Gatos, no. ¡Lástima! Por eso dije que esto es casi, sólo casi, el paraíso.

El dueño es francés. Está casado con una camboyana. Vive en Pnom Penh, pero pasa aquí, con su mujer y con sus hijos, todos los fines de semana. Es persona muy agradable. Hemos hecho amistad.
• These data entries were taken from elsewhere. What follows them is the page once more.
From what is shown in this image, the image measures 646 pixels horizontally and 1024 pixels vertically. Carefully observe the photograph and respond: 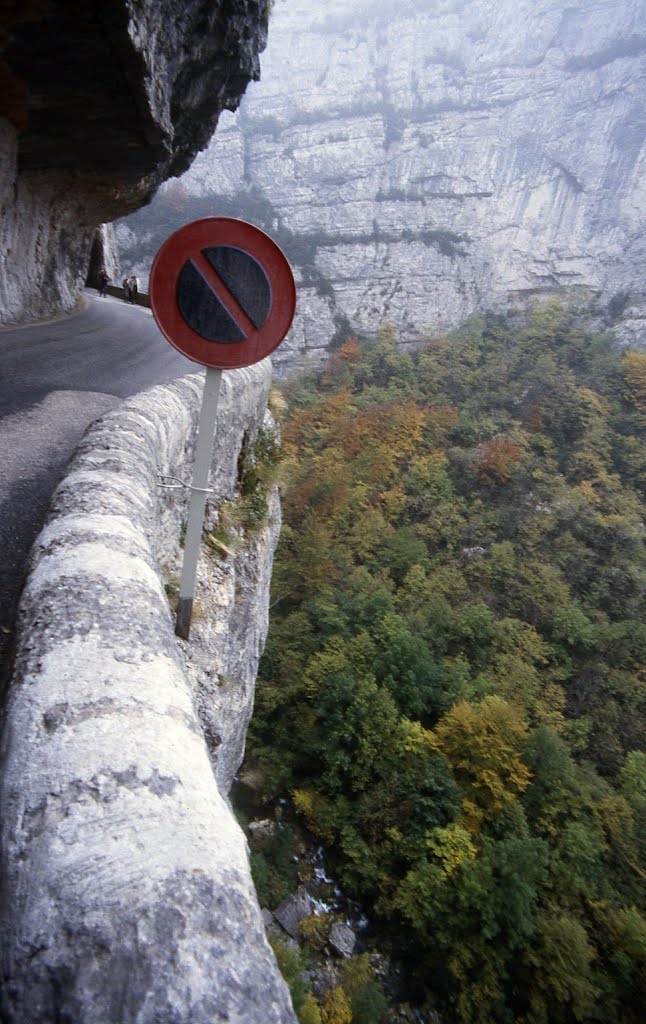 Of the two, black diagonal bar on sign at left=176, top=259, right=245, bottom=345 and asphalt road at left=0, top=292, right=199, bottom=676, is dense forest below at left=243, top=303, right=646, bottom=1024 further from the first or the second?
black diagonal bar on sign at left=176, top=259, right=245, bottom=345

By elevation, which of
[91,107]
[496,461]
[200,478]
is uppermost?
[91,107]

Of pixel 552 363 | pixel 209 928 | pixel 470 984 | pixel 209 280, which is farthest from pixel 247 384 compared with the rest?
pixel 552 363

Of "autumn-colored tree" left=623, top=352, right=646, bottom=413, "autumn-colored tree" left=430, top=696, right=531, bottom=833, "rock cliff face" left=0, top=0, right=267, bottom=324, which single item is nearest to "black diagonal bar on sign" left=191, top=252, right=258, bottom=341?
"rock cliff face" left=0, top=0, right=267, bottom=324

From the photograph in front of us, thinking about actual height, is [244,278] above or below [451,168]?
below

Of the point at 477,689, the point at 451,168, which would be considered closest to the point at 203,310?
the point at 477,689

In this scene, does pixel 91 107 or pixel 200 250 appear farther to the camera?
pixel 91 107

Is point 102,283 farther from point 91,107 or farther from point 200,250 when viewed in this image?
point 200,250

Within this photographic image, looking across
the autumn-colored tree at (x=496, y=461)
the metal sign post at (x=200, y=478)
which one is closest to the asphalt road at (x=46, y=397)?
the metal sign post at (x=200, y=478) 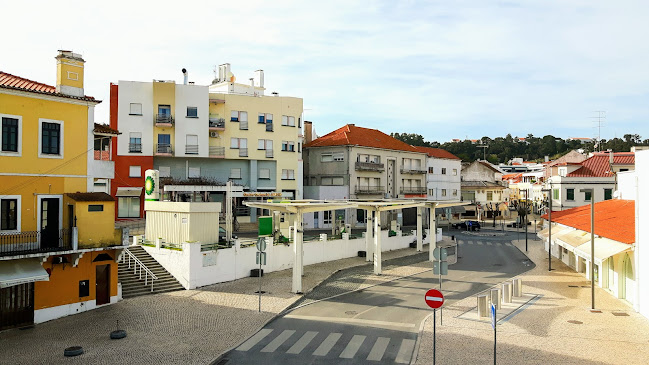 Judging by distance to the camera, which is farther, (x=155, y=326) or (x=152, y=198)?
(x=152, y=198)

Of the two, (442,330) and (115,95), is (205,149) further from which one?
(442,330)

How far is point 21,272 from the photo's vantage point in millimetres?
16734

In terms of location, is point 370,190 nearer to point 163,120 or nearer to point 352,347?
point 163,120

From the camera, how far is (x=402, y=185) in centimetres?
6706

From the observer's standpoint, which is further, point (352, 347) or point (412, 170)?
point (412, 170)

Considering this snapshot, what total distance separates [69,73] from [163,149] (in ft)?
91.2

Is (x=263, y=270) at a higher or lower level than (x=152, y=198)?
lower

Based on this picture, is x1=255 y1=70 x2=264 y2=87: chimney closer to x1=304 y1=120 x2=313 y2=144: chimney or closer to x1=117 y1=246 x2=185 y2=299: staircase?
x1=304 y1=120 x2=313 y2=144: chimney

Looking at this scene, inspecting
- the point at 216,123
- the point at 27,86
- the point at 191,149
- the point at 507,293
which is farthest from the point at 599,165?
the point at 27,86

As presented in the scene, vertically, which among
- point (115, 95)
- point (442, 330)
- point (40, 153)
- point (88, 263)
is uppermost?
point (115, 95)

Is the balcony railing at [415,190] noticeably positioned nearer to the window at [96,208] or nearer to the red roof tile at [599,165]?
the red roof tile at [599,165]

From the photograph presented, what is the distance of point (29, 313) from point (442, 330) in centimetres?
1524

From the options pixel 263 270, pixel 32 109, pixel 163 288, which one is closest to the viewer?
pixel 32 109

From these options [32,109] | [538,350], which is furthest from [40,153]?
[538,350] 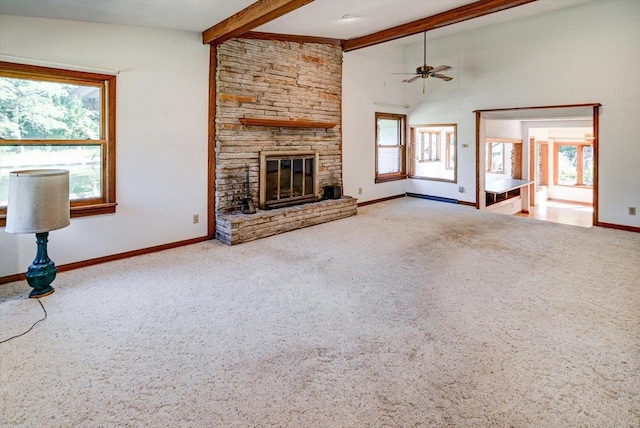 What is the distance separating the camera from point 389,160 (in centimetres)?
826

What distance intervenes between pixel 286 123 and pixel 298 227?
5.20 feet

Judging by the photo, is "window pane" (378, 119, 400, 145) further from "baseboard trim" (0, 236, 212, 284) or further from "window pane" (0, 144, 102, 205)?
"window pane" (0, 144, 102, 205)

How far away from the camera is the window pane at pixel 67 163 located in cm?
352

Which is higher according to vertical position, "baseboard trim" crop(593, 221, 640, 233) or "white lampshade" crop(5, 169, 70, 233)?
"white lampshade" crop(5, 169, 70, 233)

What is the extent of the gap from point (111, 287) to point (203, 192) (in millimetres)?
1838

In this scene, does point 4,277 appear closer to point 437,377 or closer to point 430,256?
point 437,377

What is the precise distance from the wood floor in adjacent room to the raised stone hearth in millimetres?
4877

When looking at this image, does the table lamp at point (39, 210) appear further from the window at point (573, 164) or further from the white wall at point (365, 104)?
the window at point (573, 164)

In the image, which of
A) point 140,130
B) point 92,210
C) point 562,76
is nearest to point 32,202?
point 92,210

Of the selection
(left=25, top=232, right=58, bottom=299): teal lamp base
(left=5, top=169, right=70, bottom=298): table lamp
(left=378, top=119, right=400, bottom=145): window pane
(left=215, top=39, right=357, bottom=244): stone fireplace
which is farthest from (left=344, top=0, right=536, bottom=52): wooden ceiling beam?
(left=25, top=232, right=58, bottom=299): teal lamp base

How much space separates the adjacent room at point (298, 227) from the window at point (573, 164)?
4.03 metres

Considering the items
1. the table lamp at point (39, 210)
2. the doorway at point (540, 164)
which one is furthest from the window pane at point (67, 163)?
the doorway at point (540, 164)

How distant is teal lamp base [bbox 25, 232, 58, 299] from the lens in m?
3.20

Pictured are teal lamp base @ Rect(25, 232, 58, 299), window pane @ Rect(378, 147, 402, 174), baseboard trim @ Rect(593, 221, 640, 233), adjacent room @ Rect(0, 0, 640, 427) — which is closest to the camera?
adjacent room @ Rect(0, 0, 640, 427) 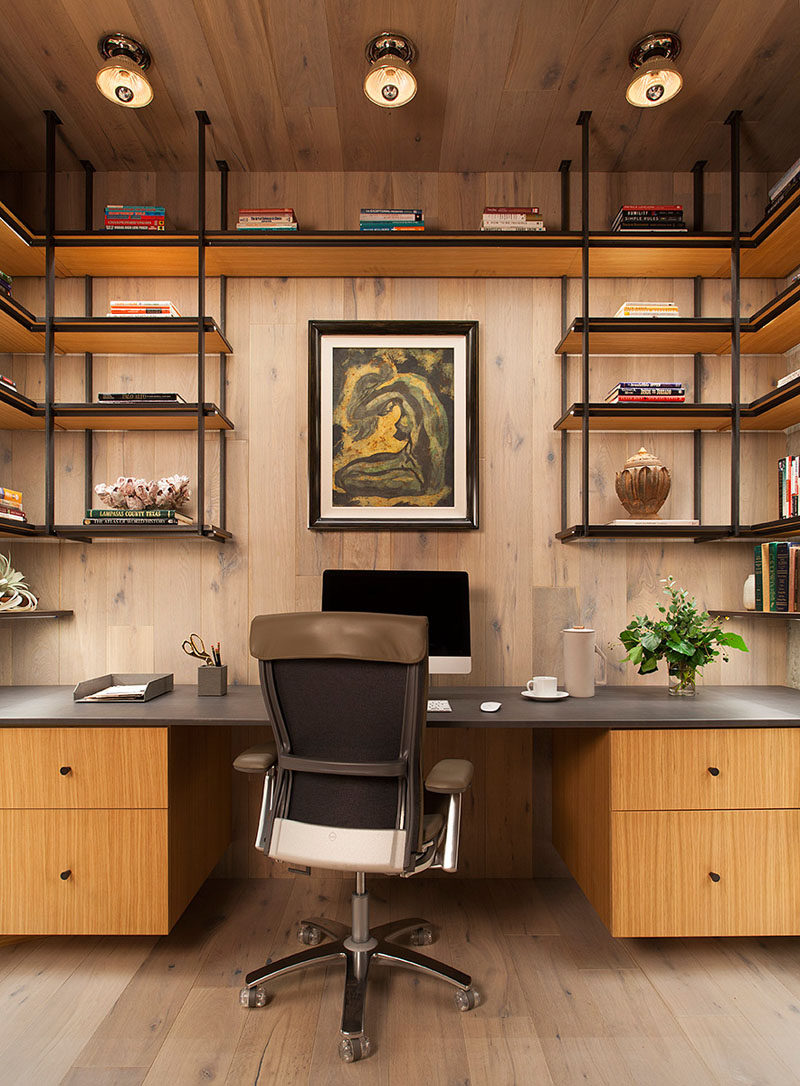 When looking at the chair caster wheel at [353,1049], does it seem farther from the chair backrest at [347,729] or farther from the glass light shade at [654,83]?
the glass light shade at [654,83]

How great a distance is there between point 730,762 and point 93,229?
2959 mm

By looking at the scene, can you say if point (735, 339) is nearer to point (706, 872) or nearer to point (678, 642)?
point (678, 642)

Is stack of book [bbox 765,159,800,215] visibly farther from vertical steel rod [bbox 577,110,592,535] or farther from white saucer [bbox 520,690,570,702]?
white saucer [bbox 520,690,570,702]

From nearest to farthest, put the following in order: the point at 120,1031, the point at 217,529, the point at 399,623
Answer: the point at 399,623
the point at 120,1031
the point at 217,529

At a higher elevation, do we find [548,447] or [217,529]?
[548,447]

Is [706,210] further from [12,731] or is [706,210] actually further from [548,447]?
[12,731]

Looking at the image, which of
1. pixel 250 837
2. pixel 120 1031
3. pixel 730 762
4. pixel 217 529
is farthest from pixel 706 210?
pixel 120 1031

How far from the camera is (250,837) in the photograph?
2.84 metres

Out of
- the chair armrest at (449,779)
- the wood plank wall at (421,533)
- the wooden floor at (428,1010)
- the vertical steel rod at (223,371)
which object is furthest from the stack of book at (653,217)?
the wooden floor at (428,1010)

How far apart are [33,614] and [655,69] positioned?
9.04 ft

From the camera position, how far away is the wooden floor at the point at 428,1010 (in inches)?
67.5

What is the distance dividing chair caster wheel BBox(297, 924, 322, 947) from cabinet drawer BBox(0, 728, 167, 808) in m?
0.65

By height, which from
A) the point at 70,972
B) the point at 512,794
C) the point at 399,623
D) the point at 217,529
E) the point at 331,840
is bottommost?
the point at 70,972

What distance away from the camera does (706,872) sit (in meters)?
2.12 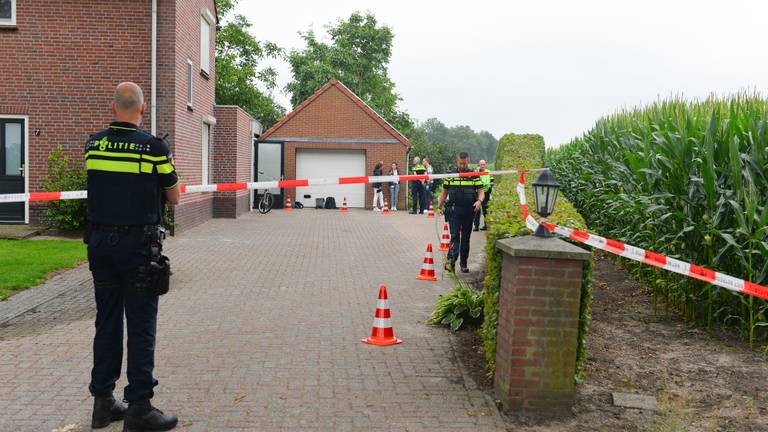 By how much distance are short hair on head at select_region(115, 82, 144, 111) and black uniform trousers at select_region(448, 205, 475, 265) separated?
741 cm

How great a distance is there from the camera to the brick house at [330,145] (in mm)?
32062

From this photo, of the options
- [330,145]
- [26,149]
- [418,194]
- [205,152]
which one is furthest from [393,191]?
[26,149]

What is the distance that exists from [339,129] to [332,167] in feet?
5.42

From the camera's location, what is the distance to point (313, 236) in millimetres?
18484

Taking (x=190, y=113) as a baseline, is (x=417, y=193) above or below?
below

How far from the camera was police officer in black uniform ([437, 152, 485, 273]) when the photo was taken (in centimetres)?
1183

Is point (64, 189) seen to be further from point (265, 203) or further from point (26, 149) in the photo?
point (265, 203)

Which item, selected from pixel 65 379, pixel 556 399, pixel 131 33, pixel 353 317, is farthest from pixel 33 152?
pixel 556 399

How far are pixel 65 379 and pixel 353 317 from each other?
135 inches

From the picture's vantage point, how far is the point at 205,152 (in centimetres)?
2308

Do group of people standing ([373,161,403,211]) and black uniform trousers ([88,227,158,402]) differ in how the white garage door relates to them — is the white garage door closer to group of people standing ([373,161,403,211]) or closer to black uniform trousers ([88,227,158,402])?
group of people standing ([373,161,403,211])

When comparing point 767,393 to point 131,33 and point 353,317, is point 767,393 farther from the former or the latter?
point 131,33

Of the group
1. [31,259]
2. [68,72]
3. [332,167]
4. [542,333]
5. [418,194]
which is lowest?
[31,259]

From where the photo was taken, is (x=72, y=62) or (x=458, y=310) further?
(x=72, y=62) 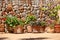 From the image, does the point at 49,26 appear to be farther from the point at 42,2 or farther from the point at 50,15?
the point at 42,2

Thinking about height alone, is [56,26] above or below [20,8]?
below

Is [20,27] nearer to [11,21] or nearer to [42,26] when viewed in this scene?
[11,21]

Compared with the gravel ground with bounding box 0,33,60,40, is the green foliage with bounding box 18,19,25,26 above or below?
above

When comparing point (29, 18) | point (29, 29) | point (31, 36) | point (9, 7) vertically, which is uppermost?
point (9, 7)

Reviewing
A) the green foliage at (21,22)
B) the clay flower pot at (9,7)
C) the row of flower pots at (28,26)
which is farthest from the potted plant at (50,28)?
the clay flower pot at (9,7)

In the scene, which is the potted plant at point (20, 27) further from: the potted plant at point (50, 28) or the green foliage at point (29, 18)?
the potted plant at point (50, 28)

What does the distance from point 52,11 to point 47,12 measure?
0.10 metres

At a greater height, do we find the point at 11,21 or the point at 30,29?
the point at 11,21

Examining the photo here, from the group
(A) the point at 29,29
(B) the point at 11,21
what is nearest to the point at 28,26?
(A) the point at 29,29

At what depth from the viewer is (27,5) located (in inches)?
162

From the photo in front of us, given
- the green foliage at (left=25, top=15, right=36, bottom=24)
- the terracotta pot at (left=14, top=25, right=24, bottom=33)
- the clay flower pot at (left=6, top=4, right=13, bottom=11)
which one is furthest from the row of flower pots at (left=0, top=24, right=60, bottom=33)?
the clay flower pot at (left=6, top=4, right=13, bottom=11)

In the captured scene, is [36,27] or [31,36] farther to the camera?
[36,27]

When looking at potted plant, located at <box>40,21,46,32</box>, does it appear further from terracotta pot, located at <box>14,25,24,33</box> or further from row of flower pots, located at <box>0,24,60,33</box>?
terracotta pot, located at <box>14,25,24,33</box>

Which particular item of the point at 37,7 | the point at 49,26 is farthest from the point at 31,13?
the point at 49,26
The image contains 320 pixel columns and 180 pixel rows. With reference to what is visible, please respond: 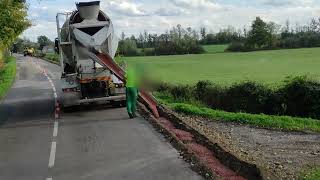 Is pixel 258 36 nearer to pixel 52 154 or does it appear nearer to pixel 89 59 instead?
pixel 89 59

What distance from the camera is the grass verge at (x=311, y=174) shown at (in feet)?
32.2

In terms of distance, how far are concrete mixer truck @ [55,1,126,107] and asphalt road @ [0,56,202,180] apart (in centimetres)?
64

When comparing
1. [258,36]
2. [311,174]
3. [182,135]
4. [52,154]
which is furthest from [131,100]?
[258,36]

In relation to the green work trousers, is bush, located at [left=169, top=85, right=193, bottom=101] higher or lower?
lower

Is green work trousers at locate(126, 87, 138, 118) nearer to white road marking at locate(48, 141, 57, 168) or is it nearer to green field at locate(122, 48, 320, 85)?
green field at locate(122, 48, 320, 85)

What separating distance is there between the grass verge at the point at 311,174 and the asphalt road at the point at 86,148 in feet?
6.50

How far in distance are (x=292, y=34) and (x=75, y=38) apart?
10209cm

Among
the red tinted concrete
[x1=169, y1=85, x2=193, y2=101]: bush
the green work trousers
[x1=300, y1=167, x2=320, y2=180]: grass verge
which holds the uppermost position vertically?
the green work trousers

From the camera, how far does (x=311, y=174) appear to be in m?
10.2

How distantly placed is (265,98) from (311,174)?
14469 millimetres

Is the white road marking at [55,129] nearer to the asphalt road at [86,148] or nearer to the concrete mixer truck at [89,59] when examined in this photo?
the asphalt road at [86,148]

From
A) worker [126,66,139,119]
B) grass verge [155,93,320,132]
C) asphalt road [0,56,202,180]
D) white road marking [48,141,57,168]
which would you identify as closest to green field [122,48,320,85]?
worker [126,66,139,119]

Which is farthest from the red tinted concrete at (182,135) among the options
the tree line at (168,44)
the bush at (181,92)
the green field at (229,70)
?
the tree line at (168,44)

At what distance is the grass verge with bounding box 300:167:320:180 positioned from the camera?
32.2ft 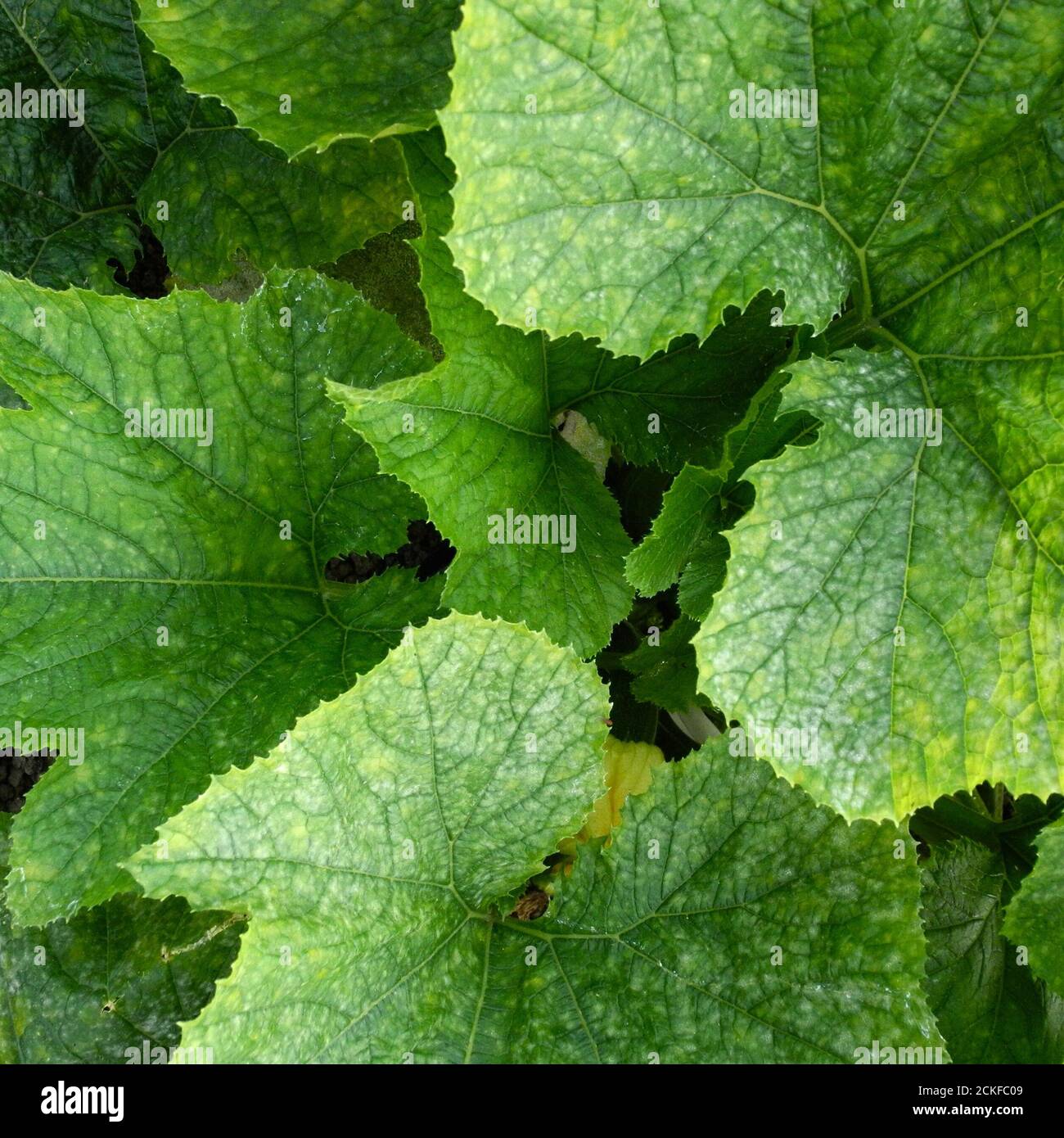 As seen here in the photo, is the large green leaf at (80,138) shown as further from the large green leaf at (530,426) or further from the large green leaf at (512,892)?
the large green leaf at (512,892)

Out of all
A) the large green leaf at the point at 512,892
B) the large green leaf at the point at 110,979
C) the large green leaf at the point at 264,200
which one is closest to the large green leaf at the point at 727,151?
the large green leaf at the point at 512,892

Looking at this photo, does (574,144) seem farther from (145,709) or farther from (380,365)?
(145,709)

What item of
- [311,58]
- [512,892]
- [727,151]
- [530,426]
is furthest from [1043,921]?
[311,58]

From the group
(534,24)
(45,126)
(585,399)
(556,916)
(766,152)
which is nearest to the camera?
(534,24)

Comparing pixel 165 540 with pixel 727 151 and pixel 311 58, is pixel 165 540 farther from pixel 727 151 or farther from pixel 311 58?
pixel 727 151

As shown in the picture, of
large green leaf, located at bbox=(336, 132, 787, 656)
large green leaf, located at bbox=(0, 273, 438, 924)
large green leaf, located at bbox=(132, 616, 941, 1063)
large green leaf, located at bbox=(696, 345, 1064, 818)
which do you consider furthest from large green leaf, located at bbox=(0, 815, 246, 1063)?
large green leaf, located at bbox=(696, 345, 1064, 818)

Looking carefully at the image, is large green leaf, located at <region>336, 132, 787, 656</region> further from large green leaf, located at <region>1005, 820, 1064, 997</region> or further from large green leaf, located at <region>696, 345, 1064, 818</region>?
large green leaf, located at <region>1005, 820, 1064, 997</region>

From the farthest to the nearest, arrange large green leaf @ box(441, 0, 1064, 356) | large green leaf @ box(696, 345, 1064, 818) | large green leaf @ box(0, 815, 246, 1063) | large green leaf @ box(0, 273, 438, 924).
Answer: large green leaf @ box(0, 815, 246, 1063) → large green leaf @ box(0, 273, 438, 924) → large green leaf @ box(696, 345, 1064, 818) → large green leaf @ box(441, 0, 1064, 356)

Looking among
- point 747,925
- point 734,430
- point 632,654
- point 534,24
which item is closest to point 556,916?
point 747,925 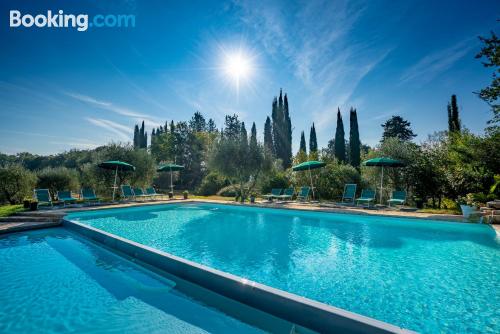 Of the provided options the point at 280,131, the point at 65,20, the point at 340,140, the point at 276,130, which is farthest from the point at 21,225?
the point at 276,130

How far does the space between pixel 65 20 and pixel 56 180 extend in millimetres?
11868

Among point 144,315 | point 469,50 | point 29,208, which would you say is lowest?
point 144,315

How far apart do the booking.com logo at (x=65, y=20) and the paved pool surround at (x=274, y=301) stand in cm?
933

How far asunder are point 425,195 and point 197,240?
1189 cm

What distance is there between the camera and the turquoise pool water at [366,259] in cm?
333

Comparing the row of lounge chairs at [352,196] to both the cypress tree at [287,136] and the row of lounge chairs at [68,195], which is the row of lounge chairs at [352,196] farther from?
the cypress tree at [287,136]

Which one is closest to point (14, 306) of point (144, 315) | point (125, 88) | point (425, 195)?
point (144, 315)

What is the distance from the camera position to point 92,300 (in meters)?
3.71

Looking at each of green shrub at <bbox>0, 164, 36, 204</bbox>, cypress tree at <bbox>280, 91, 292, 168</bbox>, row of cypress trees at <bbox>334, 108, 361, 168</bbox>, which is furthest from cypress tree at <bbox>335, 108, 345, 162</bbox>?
green shrub at <bbox>0, 164, 36, 204</bbox>

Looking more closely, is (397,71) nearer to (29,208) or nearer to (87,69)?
(87,69)

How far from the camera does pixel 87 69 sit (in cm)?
1248

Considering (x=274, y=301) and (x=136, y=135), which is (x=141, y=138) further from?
(x=274, y=301)

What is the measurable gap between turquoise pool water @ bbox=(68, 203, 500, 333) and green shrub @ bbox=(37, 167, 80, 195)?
972 cm

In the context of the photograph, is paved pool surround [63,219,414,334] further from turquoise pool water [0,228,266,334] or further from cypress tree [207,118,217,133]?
cypress tree [207,118,217,133]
Le envío gente, le traigo gente. Mañana llegan Luis Racionero y su hijo Alex. He metido ya un par de botellas de Mumm y otras dos de vino de Alsacia en la nevera comunal. El sábado cenaremos cangrejos y calamares con pimienta en rama -la de Kampot no tiene igual. Se come fresca, a bocados, como si fuese lechuga- en el Kimli (sublime) de Kep, a veinticinco kilómetros de aquí, con otro amigo, Joaquín Campos, cocinero y escritor (no sé si por ese orden o al revés), que se ha establecido en ese lugar de ensueño para poner un restaurante. Lean, en La Opinión de Málaga, su blog Chinitis, que no tiene desperdicio. A ver cuándo se decide Baeta a darle voz sin voto, e incluso sin sueldo, en elmundo.es. Se lo pido, se lo pido, y nada. Él se lo pierde, y ustedes también.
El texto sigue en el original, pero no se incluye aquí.